= WORK INSTRUCTION =
Please return the records below exactly as they stand, with the pictures removed.

── DATA TO USE ──

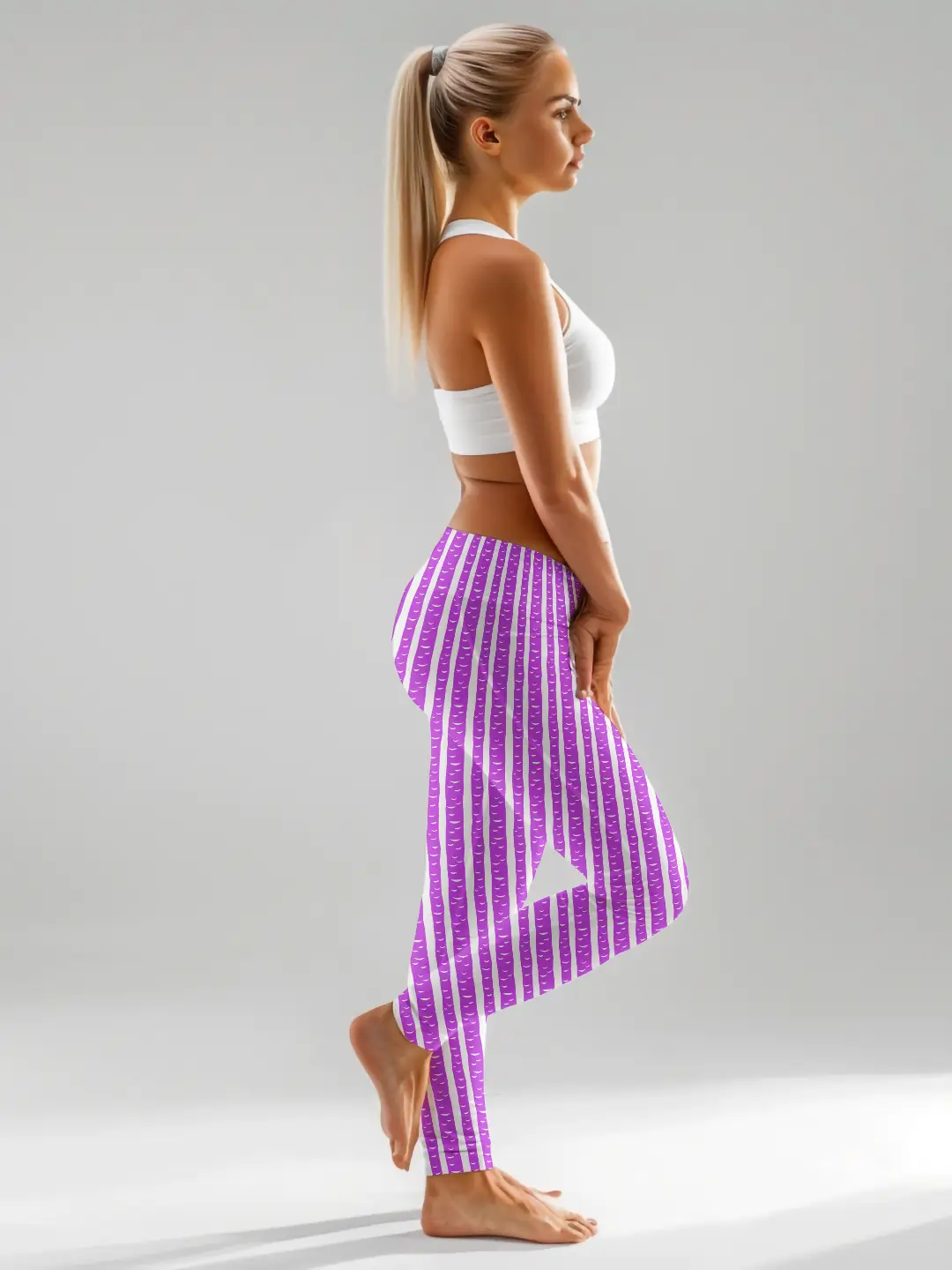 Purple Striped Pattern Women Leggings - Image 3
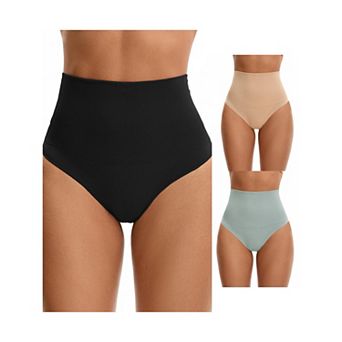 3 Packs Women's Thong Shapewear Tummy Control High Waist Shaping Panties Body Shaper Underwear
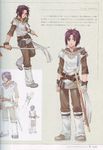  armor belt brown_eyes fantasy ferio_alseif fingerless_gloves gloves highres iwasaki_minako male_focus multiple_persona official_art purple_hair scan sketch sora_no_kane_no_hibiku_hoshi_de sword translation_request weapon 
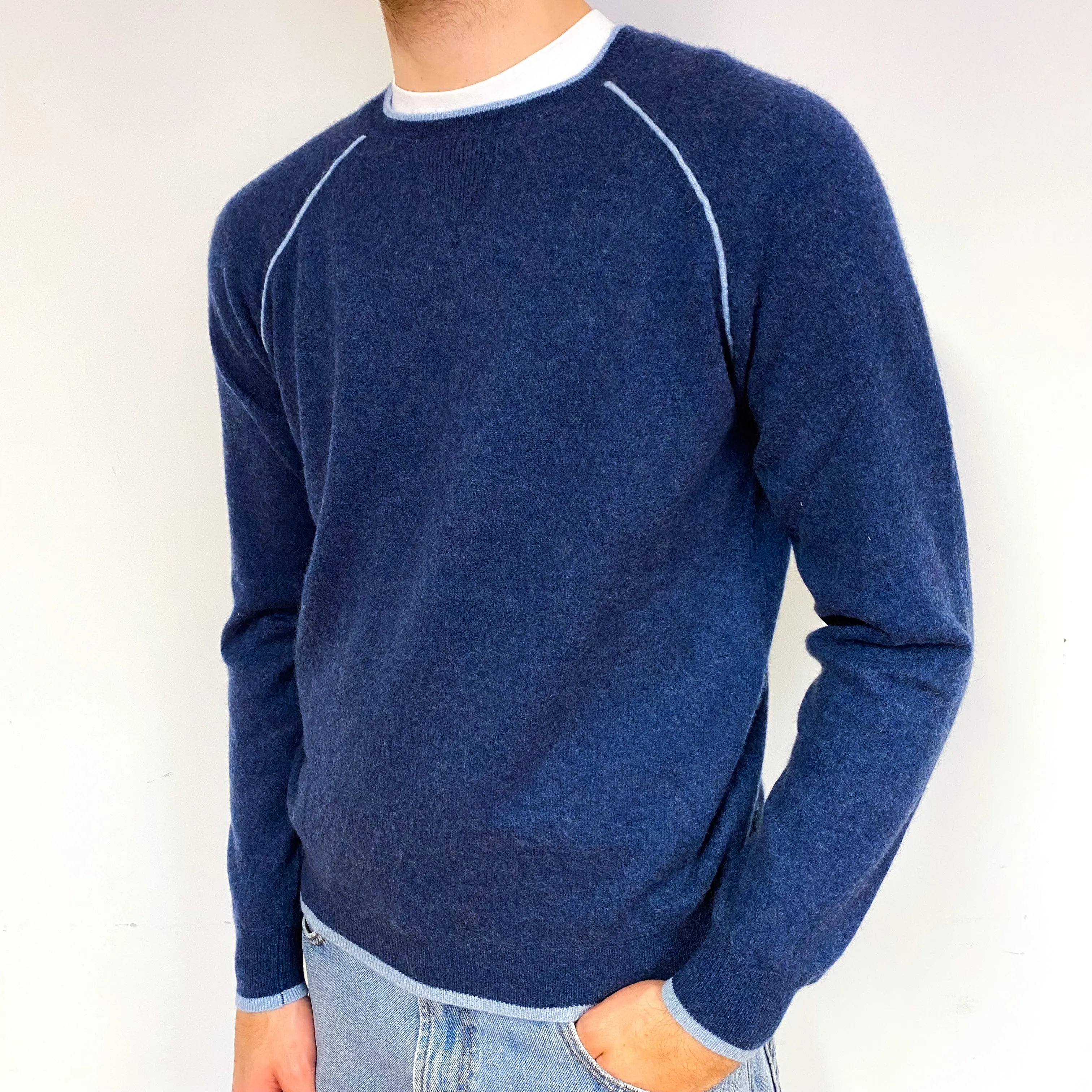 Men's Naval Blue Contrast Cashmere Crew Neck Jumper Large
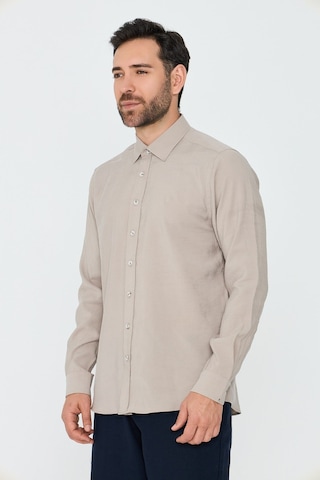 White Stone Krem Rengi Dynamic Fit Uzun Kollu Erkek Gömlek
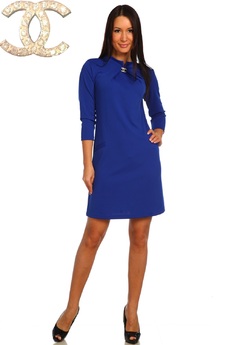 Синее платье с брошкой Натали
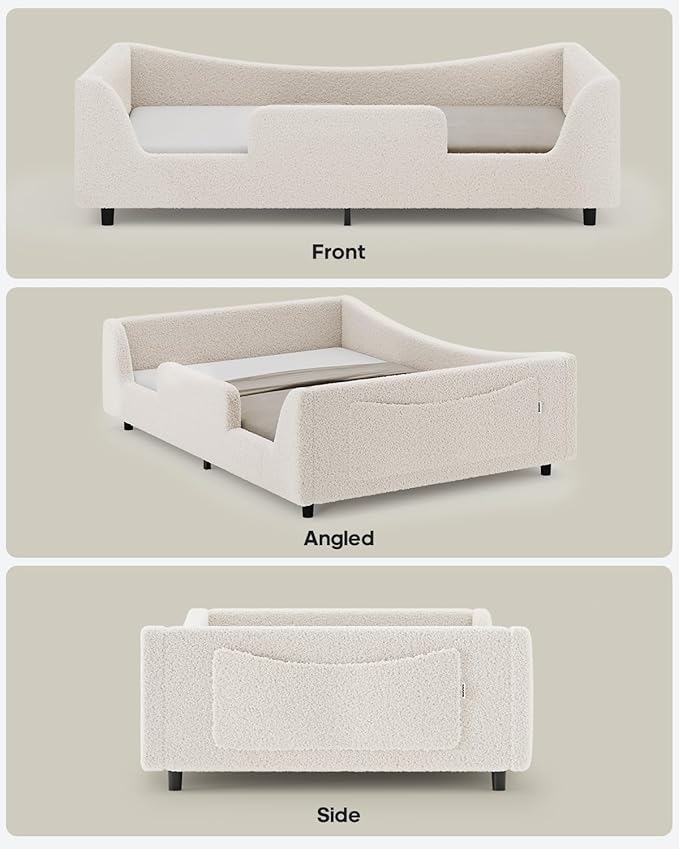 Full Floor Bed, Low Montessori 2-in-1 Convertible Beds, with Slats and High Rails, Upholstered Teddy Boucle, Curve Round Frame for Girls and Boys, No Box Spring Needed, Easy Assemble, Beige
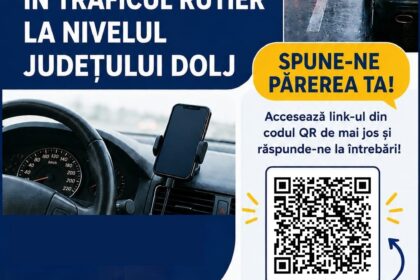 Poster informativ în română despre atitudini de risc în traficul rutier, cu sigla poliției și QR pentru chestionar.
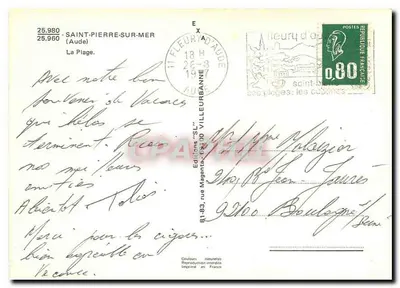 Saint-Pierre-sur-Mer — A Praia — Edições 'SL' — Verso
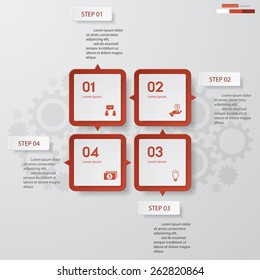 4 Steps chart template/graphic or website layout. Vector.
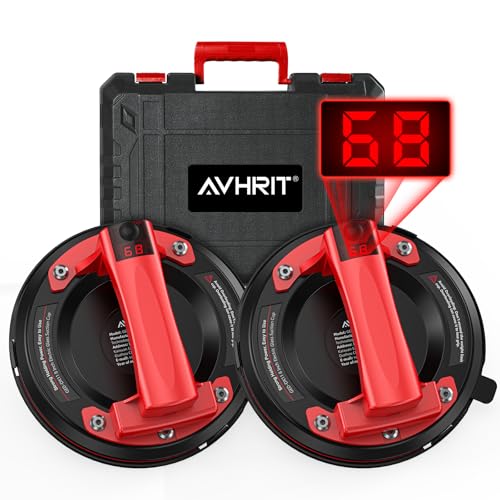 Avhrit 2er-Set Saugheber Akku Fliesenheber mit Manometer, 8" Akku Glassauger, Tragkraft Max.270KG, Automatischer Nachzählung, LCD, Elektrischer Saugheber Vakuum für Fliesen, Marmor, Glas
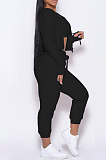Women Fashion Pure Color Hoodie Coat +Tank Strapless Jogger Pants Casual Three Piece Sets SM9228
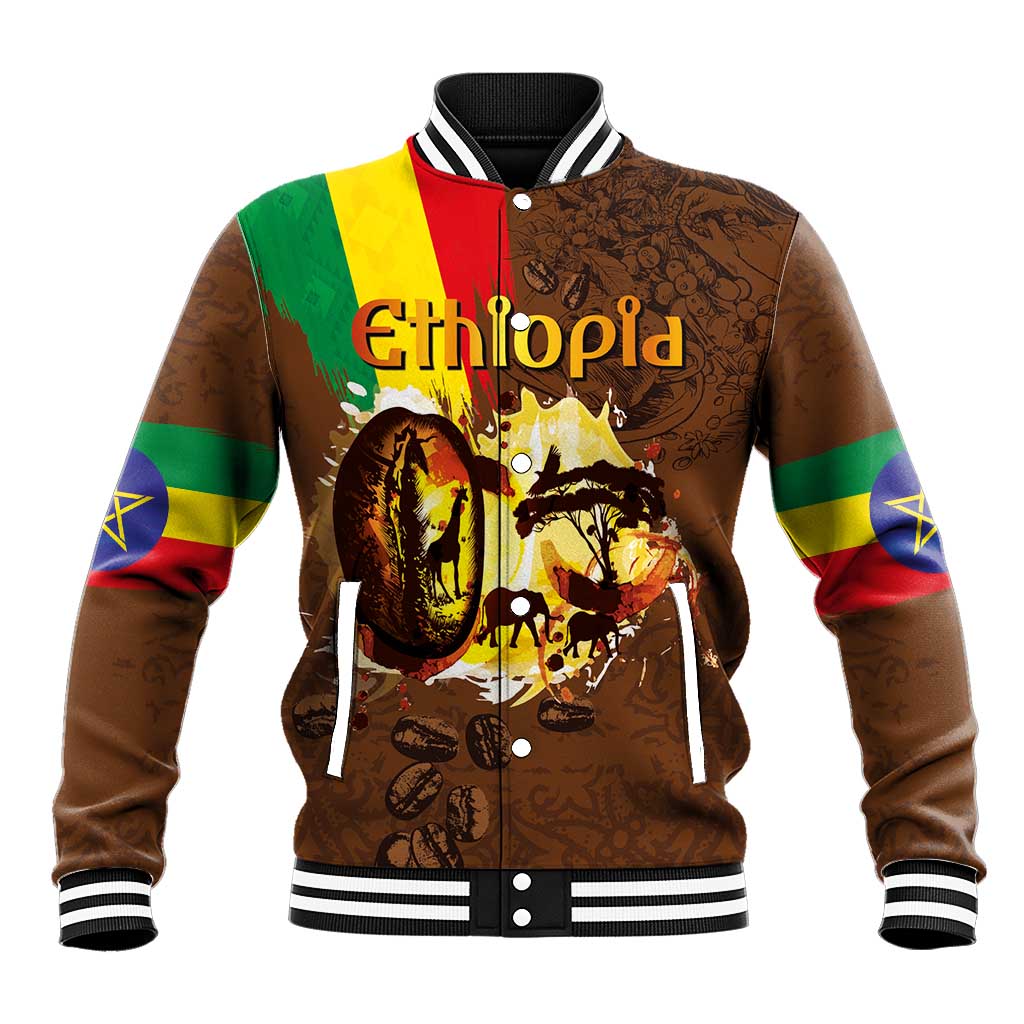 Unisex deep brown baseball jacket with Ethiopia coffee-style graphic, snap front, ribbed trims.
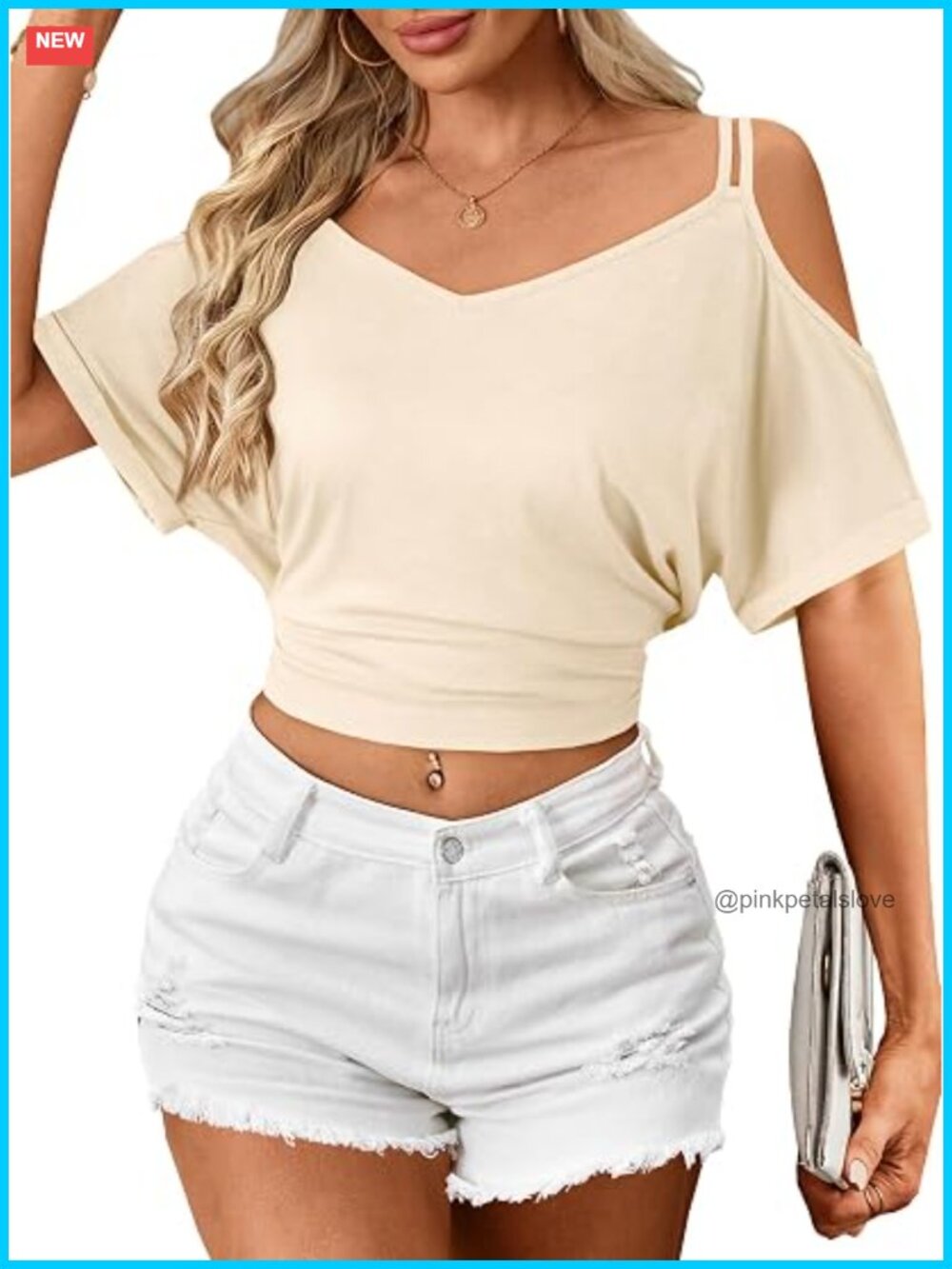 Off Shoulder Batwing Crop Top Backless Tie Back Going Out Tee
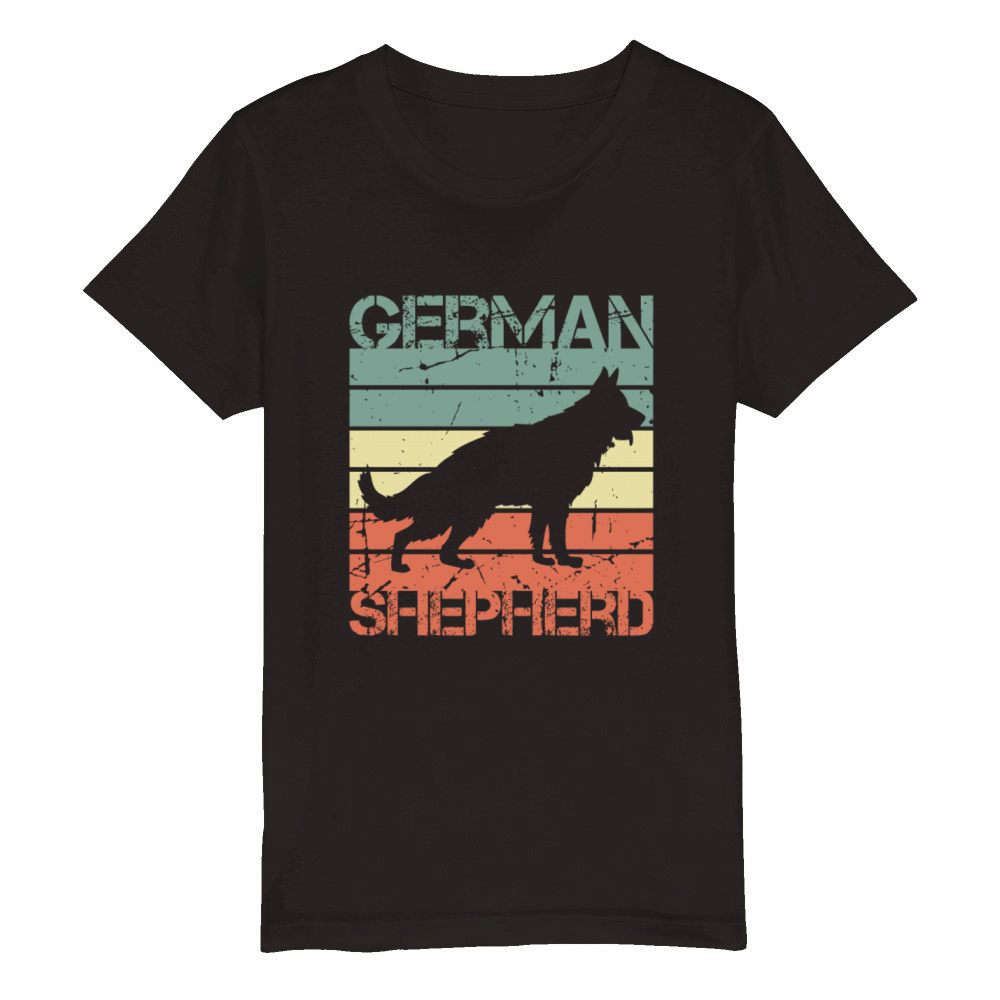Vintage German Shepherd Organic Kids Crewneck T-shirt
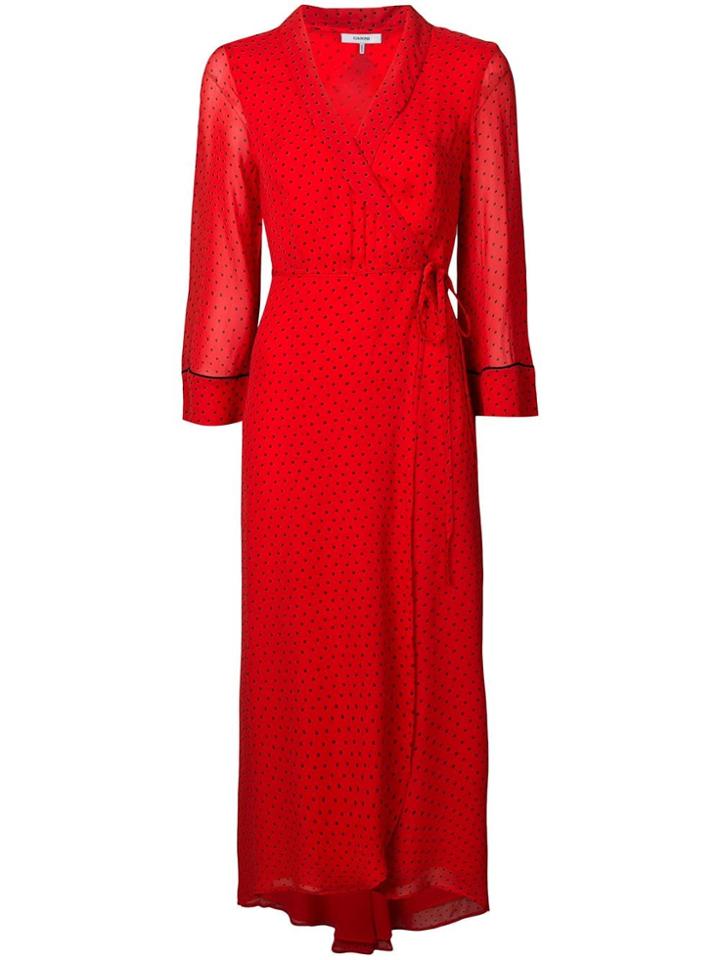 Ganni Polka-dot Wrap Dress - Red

───

= SOLUTION TO THIS PROBLEM =
 Purple Striped Pattern Women Leggings - Image 3
 3 Packs Women's Thong Shapewear Tummy Control High Waist Shaping Panties Body Shaper Underwear
  armor belt brown_eyes fantasy ferio_alseif fingerless_gloves gloves highres iwasaki_minako male_focus multiple_persona official_art purple_hair scan sketch sora_no_kane_no_hibiku_hoshi_de sword translation_request weapon 
 Men's Naval Blue Contrast Cashmere Crew Neck Jumper Large
 White Stone Krem Rengi Dynamic Fit Uzun Kollu Erkek Gömlek
 Синее платье с брошкой Натали
 Full Floor Bed, Low Montessori 2-in-1 Convertible Beds, with Slats and High Rails, Upholstered Teddy Boucle, Curve Round Frame for Girls and Boys, No Box Spring Needed, Easy Assemble, Beige
 Poster informativ în română despre atitudini de risc în traficul rutier, cu sigla poliției și QR pentru chestionar.
 Saint-Pierre-sur-Mer — A Praia — Edições 'SL' — Verso
 4 Steps chart template/graphic or website layout. Vector.
 Avhrit 2er-Set Saugheber Akku Fliesenheber mit Manometer, 8" Akku Glassauger, Tragkraft Max.270KG, Automatischer Nachzählung, LCD, Elektrischer Saugheber Vakuum für Fliesen, Marmor, Glas
Women Fashion Pure Color Hoodie Coat +Tank Strapless Jogger Pants Casual Three Piece Sets SM9228
 Unisex deep brown baseball jacket with Ethiopia coffee-style graphic, snap front, ribbed trims.
 Off Shoulder Batwing Crop Top Backless Tie Back Going Out Tee
Vintage German Shepherd Organic Kids Crewneck T-shirt
 Ganni Polka-dot Wrap Dress - Red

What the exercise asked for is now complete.